Help:Export

Wiki pages can be exported in a special XML format to import into another MediaWiki installation or use it elsewise for instance for analysing the content.

How to export

There are at least four ways to export pages:

Paste the name of the articles in the box in Special:Export or use the URL //en.wikibooks.org/wiki/Special:Export/article's_name. You can get a list of all page names (in a specified namespace) at Special:Allpages.
The backup script dumpBackup.php dumps all the wiki pages into an XML file. dumpBackup.php only works on MediaWiki 1.5 or newer. You need to have direct access to the server to run this script. Dumps of mediawiki projects are (more or less) regularly made available at http://download.wikipedia.org.
There is a OAI-PMH-interface to regularly fetch pages that have been modified since a specific time. For Wikimedia projects this interface is not publically available. OAI-PMH contains a wrapper format around the actual exported articles.
Use the Python Wikipedia Robot Framework. This won't be explained here.

By default only the current version of a page is included. Optionally you can get all versions with date, time, user name and edit summary.

Additionally you can copy the SQL database. This is how dumps of the database were made available before MediaWiki 1.5 and it won't be explained here further.

Using 'Special:Export'

First you need to know the names of pages you wish to export. To export all pages of a namespace:

Use Special:Allpages and choose the desired namespace.
Copy the list of page names to a text editor
Put all names on separate lines
In the case that the selected namespace is not the main namespace: insert the namespace prefix before the page names e.g. 'Help:Contents'

Now you are ready to perform the export.

Go to Special:Export and paste all your page names into the textbox, making sure there are no empty lines.
Click 'Submit query'
Save the resulting XML to a file using your browser's save facility.

and finally...

Open the XML file in a text editor. Scroll to the bottom to check for error messages.

Now you can use this XML file to perform an import.

Export format

The format of the XML file you receive is the same in all ways.

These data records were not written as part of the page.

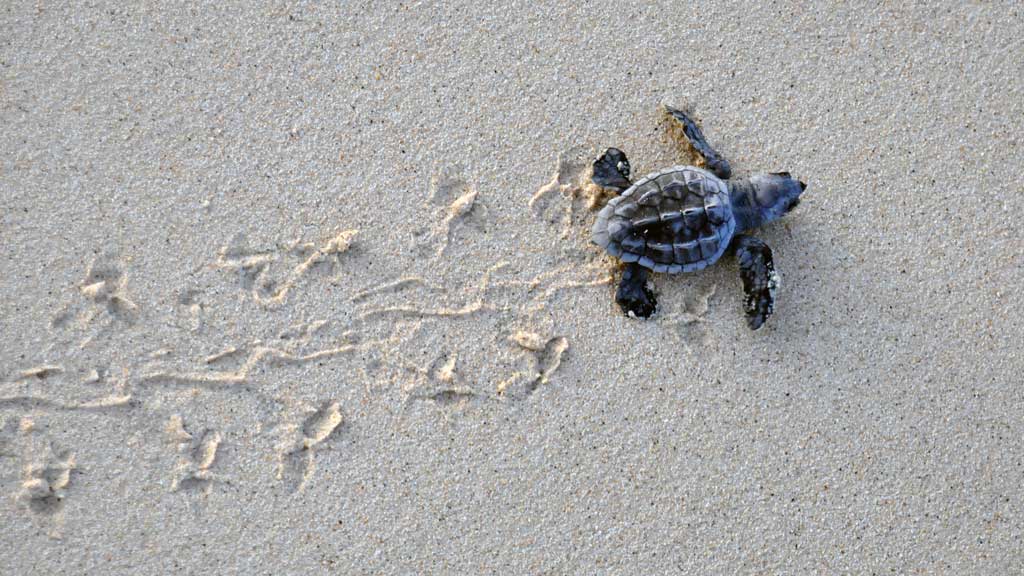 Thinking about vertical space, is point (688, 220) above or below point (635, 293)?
above

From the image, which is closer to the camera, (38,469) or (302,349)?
(38,469)

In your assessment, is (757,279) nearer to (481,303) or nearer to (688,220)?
(688,220)

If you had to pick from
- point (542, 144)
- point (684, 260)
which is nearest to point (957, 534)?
point (684, 260)

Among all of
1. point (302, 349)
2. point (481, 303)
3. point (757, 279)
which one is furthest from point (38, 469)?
point (757, 279)

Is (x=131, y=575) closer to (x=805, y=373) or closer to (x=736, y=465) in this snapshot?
(x=736, y=465)

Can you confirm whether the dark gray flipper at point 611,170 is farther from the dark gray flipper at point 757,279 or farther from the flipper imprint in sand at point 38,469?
the flipper imprint in sand at point 38,469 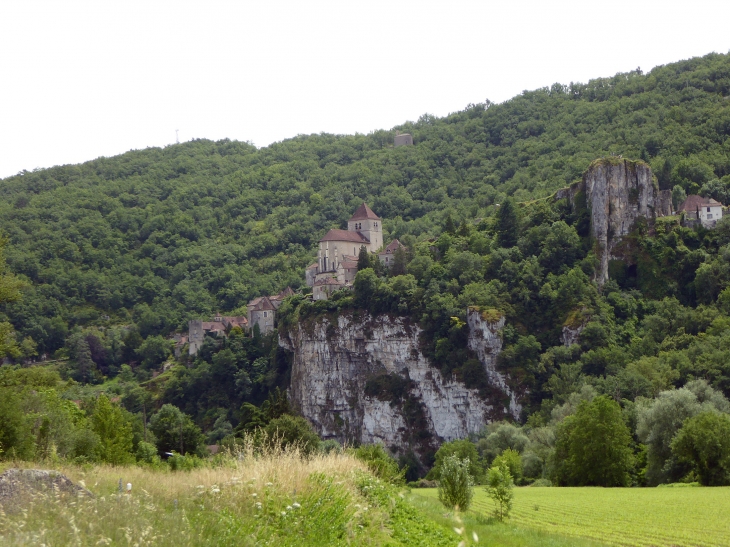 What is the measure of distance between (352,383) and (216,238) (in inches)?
2606

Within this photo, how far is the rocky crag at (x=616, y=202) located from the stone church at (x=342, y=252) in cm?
2435

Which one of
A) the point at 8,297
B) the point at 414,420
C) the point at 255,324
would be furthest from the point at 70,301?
the point at 8,297

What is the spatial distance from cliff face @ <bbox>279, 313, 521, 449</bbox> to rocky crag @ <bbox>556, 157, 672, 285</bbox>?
42.4 feet

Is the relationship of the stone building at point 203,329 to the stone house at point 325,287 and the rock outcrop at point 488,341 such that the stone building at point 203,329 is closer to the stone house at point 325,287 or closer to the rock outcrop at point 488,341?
the stone house at point 325,287

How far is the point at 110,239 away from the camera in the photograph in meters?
150

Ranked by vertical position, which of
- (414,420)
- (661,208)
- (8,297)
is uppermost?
(661,208)

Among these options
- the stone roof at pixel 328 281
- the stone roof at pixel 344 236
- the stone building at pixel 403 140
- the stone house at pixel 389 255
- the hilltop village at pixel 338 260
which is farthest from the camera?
the stone building at pixel 403 140

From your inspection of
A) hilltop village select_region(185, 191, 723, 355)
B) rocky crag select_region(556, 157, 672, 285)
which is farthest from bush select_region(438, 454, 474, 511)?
hilltop village select_region(185, 191, 723, 355)

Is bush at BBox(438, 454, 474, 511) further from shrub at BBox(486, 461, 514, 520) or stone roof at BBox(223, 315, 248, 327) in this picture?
stone roof at BBox(223, 315, 248, 327)

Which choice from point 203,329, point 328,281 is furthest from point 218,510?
point 203,329

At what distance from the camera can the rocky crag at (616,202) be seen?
8906 centimetres

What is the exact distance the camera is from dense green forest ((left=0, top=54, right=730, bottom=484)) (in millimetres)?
72188

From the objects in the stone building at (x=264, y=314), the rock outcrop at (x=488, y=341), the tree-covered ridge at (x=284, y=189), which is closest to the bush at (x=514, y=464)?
the rock outcrop at (x=488, y=341)

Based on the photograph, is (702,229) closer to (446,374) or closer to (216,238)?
(446,374) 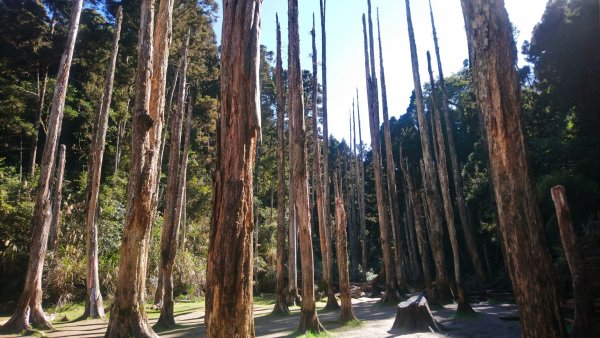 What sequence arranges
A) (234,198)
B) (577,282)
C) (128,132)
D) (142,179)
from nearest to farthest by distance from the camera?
(234,198)
(577,282)
(142,179)
(128,132)

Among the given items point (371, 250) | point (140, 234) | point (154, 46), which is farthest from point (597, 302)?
point (371, 250)

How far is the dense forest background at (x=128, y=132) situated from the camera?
14.5m

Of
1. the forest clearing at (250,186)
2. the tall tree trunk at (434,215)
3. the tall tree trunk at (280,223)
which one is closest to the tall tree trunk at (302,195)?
the forest clearing at (250,186)

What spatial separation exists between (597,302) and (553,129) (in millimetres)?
12428

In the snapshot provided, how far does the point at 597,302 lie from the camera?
8773 millimetres

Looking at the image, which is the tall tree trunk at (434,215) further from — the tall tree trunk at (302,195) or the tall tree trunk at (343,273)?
the tall tree trunk at (302,195)

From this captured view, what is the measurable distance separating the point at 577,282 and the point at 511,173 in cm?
394

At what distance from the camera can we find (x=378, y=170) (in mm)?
15133

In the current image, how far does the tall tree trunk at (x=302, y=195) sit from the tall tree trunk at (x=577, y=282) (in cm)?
469

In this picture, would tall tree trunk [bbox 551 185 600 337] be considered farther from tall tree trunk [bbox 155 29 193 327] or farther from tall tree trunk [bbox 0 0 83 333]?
tall tree trunk [bbox 0 0 83 333]

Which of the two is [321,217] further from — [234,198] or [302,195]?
[234,198]

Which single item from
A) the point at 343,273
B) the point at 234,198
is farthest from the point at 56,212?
the point at 234,198

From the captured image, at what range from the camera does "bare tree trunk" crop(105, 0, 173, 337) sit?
640cm

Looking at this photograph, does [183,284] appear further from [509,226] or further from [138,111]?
[509,226] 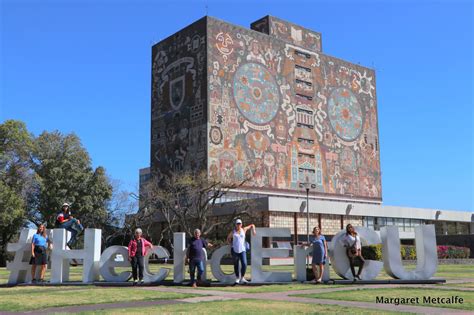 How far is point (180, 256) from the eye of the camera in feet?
52.6

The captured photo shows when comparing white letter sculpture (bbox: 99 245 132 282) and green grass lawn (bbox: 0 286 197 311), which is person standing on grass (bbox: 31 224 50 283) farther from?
green grass lawn (bbox: 0 286 197 311)

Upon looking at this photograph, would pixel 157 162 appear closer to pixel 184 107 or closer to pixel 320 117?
pixel 184 107

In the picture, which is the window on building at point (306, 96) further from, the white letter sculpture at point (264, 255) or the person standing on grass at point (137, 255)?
the person standing on grass at point (137, 255)

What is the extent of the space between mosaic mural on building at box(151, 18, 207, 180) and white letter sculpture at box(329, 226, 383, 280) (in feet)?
142

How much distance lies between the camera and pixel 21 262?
1648 cm

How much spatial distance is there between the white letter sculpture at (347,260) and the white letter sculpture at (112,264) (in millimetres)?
6041

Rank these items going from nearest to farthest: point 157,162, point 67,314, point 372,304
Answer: point 67,314 < point 372,304 < point 157,162

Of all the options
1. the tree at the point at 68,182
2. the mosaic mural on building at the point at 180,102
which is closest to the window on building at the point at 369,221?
the mosaic mural on building at the point at 180,102

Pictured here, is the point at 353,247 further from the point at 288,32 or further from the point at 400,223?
the point at 288,32

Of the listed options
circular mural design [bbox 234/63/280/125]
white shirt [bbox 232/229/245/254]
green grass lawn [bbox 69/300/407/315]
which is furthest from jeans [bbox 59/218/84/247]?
circular mural design [bbox 234/63/280/125]

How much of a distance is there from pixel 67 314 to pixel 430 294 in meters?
7.49

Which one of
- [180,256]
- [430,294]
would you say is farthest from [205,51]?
[430,294]

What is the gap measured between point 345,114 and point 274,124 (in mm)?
14512

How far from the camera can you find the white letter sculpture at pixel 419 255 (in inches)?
605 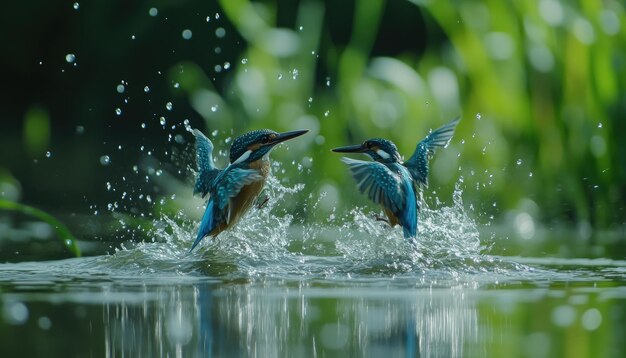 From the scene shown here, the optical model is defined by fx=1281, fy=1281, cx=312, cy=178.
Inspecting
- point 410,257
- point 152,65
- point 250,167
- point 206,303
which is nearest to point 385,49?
point 152,65

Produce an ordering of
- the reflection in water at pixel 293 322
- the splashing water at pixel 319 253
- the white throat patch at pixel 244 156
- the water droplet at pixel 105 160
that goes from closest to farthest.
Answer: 1. the reflection in water at pixel 293 322
2. the splashing water at pixel 319 253
3. the white throat patch at pixel 244 156
4. the water droplet at pixel 105 160

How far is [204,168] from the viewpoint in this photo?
7379 millimetres

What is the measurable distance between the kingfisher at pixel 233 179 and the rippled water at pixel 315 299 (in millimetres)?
155

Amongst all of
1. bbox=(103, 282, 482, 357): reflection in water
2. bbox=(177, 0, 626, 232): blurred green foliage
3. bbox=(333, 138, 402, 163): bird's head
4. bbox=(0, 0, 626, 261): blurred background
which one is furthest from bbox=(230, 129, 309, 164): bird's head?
bbox=(177, 0, 626, 232): blurred green foliage

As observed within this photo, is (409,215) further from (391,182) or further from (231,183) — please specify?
(231,183)

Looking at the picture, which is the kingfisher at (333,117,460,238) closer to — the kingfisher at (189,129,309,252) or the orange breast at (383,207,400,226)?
the orange breast at (383,207,400,226)

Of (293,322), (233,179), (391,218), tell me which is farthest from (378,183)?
(293,322)

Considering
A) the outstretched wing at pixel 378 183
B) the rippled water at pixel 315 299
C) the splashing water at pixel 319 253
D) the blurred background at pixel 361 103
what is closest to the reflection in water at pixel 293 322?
the rippled water at pixel 315 299

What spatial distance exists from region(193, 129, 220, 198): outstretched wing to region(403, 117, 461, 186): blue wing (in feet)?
3.66

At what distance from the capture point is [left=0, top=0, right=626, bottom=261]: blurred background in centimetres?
891

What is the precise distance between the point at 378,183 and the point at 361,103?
120 inches

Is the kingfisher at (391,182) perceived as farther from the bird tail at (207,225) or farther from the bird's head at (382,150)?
the bird tail at (207,225)

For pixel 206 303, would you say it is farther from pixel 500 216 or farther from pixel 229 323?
pixel 500 216

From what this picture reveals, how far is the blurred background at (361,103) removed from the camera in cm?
891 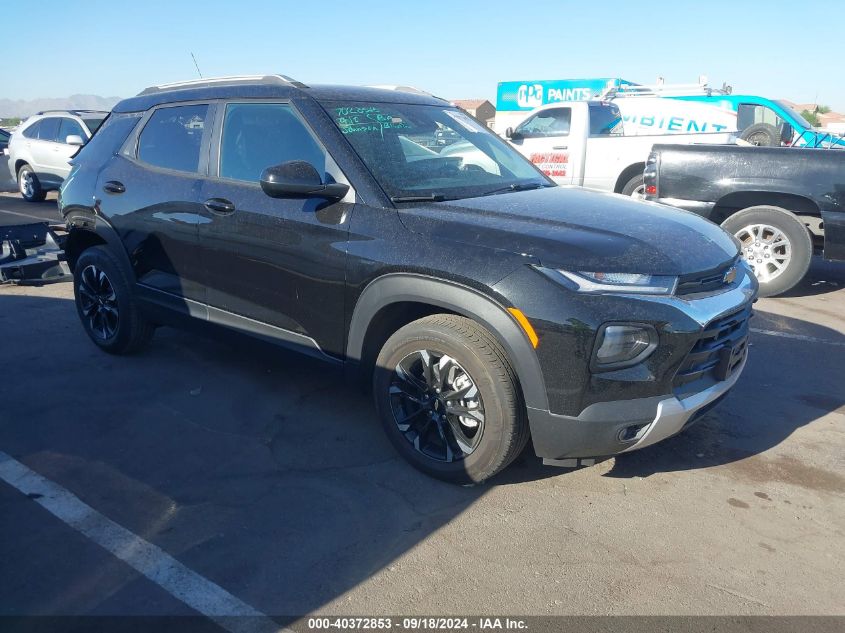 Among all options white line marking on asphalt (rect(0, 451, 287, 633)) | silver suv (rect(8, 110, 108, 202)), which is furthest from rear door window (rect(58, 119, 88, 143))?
white line marking on asphalt (rect(0, 451, 287, 633))

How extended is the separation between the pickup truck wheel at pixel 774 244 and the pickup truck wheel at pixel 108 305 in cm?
557

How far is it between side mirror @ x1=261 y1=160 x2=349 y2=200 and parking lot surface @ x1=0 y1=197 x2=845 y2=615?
3.06 feet

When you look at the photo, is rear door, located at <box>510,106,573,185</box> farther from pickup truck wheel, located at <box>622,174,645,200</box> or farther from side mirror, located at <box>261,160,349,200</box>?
side mirror, located at <box>261,160,349,200</box>

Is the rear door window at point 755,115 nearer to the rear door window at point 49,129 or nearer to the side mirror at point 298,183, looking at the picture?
the side mirror at point 298,183

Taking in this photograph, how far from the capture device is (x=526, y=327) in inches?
116

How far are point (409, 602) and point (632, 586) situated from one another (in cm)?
88

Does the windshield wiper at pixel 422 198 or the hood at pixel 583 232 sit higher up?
the windshield wiper at pixel 422 198

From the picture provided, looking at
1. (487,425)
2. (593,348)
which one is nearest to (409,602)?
(487,425)

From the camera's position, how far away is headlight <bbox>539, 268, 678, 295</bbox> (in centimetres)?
291

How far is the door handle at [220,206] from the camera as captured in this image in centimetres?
401

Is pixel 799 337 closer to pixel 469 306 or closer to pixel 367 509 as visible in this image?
pixel 469 306

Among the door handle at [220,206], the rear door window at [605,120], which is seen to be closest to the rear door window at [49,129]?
the rear door window at [605,120]

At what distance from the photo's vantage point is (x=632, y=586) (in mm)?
2746

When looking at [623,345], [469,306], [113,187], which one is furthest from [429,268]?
[113,187] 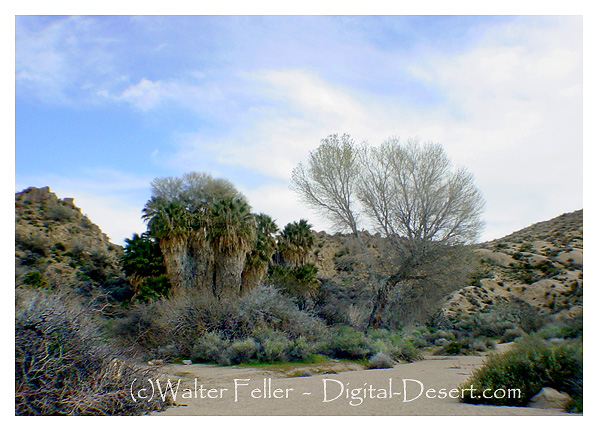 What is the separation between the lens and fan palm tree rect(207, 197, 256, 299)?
2542 centimetres

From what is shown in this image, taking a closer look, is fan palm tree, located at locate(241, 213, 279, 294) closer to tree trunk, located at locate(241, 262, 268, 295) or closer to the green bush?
tree trunk, located at locate(241, 262, 268, 295)

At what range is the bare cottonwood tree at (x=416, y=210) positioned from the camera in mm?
21828

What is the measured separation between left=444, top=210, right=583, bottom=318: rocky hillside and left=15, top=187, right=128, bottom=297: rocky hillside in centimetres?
2065

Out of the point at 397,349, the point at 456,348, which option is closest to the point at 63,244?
the point at 397,349

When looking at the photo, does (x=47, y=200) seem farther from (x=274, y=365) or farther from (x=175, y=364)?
(x=274, y=365)

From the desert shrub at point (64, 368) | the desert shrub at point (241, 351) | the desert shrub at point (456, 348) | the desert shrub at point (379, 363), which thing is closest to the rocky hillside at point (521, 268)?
the desert shrub at point (456, 348)

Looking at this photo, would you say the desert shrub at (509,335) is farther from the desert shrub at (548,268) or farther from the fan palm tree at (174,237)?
the fan palm tree at (174,237)

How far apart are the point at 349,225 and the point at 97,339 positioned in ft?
60.1

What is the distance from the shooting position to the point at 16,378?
5.50 m

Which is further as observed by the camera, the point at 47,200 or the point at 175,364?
the point at 47,200

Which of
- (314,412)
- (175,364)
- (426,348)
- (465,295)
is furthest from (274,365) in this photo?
(465,295)

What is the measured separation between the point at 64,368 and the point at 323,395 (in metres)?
4.20

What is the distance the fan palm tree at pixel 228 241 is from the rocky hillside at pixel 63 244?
20.8 feet

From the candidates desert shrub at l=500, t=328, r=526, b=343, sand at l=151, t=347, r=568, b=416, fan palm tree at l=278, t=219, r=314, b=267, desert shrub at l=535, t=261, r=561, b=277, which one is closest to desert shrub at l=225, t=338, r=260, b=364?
sand at l=151, t=347, r=568, b=416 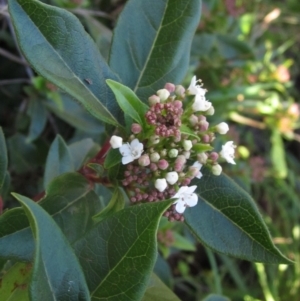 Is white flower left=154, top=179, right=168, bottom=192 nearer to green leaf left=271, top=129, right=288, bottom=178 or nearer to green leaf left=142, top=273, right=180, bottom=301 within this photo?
green leaf left=142, top=273, right=180, bottom=301

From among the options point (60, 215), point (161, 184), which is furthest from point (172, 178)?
point (60, 215)

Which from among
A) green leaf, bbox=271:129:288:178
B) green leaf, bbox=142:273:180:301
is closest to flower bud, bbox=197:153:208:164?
green leaf, bbox=142:273:180:301

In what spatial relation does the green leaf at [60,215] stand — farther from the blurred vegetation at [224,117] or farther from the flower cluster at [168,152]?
the blurred vegetation at [224,117]

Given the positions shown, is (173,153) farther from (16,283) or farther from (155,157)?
Result: (16,283)

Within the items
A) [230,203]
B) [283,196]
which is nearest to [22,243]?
[230,203]

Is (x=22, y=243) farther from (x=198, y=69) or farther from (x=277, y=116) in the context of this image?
(x=277, y=116) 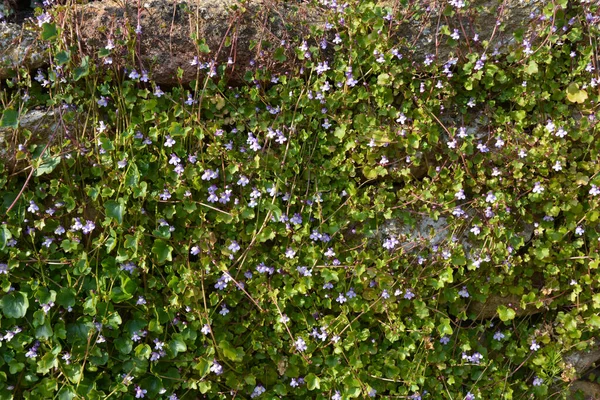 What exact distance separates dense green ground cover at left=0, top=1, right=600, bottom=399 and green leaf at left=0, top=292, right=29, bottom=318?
0.03 ft

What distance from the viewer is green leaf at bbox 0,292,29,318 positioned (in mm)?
2936

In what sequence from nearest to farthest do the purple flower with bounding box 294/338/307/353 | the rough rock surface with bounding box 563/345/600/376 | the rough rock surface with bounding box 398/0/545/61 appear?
the purple flower with bounding box 294/338/307/353 → the rough rock surface with bounding box 398/0/545/61 → the rough rock surface with bounding box 563/345/600/376

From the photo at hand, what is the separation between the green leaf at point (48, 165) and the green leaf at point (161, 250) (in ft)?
2.02

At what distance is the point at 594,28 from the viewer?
3.35 m

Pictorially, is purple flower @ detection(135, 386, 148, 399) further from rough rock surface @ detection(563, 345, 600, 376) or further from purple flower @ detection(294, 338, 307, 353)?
rough rock surface @ detection(563, 345, 600, 376)

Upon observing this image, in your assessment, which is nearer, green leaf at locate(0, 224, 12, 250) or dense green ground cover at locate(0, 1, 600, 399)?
green leaf at locate(0, 224, 12, 250)

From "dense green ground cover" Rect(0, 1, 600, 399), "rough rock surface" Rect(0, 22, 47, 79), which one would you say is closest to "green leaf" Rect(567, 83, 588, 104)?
"dense green ground cover" Rect(0, 1, 600, 399)

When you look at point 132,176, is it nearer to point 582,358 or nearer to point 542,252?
point 542,252

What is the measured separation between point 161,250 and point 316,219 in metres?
0.82

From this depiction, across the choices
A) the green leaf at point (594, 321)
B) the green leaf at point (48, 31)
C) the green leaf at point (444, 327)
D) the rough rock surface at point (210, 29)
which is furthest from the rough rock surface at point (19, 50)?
the green leaf at point (594, 321)

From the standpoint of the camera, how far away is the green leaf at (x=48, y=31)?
2.96 m

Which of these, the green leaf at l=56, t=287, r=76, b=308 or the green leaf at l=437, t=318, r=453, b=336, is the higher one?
the green leaf at l=437, t=318, r=453, b=336

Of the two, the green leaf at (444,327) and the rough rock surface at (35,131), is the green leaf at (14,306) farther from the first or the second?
the green leaf at (444,327)

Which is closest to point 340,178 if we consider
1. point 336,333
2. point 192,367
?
point 336,333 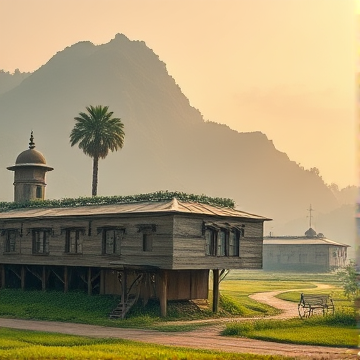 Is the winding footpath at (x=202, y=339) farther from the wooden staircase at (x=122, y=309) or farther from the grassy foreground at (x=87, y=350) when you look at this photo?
the wooden staircase at (x=122, y=309)

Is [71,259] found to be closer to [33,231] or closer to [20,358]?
[33,231]

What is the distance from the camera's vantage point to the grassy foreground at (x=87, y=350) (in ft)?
90.0

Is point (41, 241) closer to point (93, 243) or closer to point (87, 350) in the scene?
point (93, 243)

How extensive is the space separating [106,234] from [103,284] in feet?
15.0

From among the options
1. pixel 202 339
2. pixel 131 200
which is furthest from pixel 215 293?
pixel 202 339

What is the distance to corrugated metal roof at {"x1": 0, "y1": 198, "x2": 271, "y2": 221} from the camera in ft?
149

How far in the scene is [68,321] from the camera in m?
42.9

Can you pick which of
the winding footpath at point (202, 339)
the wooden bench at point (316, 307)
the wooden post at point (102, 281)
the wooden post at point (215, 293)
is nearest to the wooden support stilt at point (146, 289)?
the wooden post at point (102, 281)

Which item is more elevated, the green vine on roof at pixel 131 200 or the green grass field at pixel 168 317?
the green vine on roof at pixel 131 200

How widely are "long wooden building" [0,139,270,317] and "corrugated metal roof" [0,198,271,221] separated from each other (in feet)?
0.20

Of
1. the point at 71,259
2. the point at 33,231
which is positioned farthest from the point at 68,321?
the point at 33,231

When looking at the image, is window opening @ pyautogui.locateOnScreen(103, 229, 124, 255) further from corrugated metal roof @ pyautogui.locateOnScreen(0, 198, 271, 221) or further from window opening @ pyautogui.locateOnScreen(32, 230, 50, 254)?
window opening @ pyautogui.locateOnScreen(32, 230, 50, 254)

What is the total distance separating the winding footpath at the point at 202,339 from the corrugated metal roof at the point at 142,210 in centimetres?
725

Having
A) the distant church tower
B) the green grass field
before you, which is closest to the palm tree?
the distant church tower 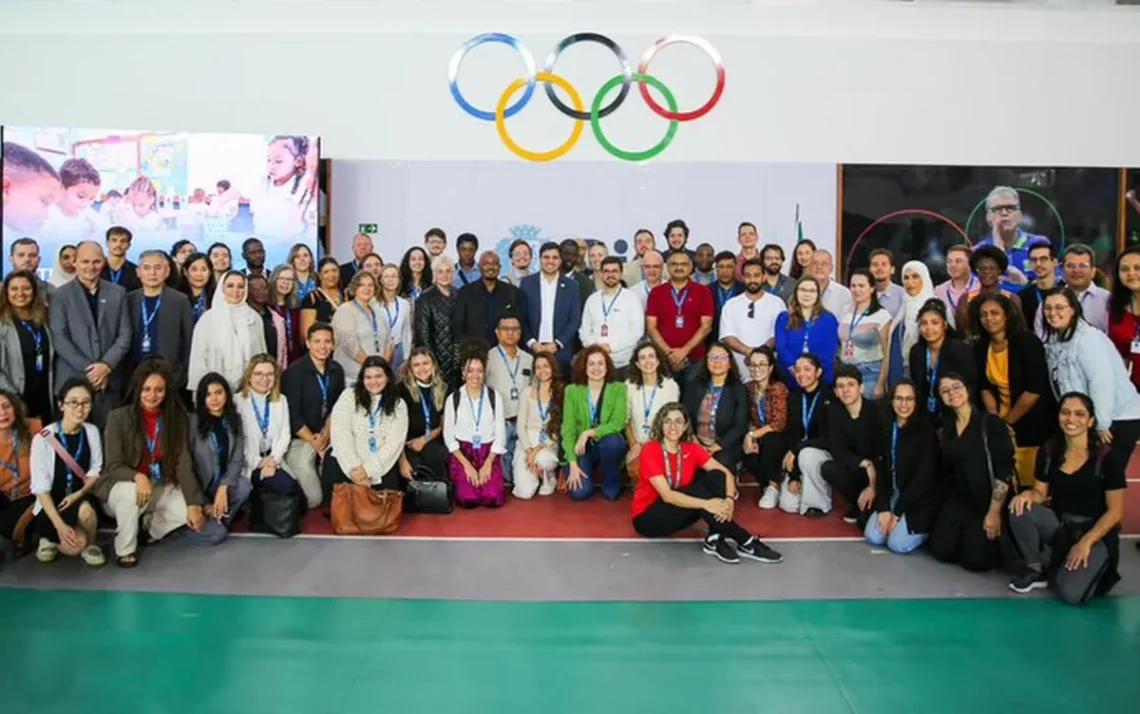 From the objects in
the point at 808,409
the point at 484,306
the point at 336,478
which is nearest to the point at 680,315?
the point at 808,409

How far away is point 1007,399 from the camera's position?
16.4 feet

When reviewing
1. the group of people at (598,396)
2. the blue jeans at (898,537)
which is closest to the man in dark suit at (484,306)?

It is codified in XML Schema at http://www.mediawiki.org/xml/export-0.3.xsd This format is not intended for viewing in a web browser. Some browsers show you pretty-printed XML with "+" and "-" links to view or hide selected parts. Alternatively the XML-source can be viewed using the "view source" feature of the browser, or after saving the XML file locally, with a program of choice. It you directly read the XML source it won't be difficult to find the actual wikitext. If you don't use a special XML editor "<" and ">" appear as < and >, to avoid a conflict with XML tags; to avoid ambiguity, "&" is coded as "&".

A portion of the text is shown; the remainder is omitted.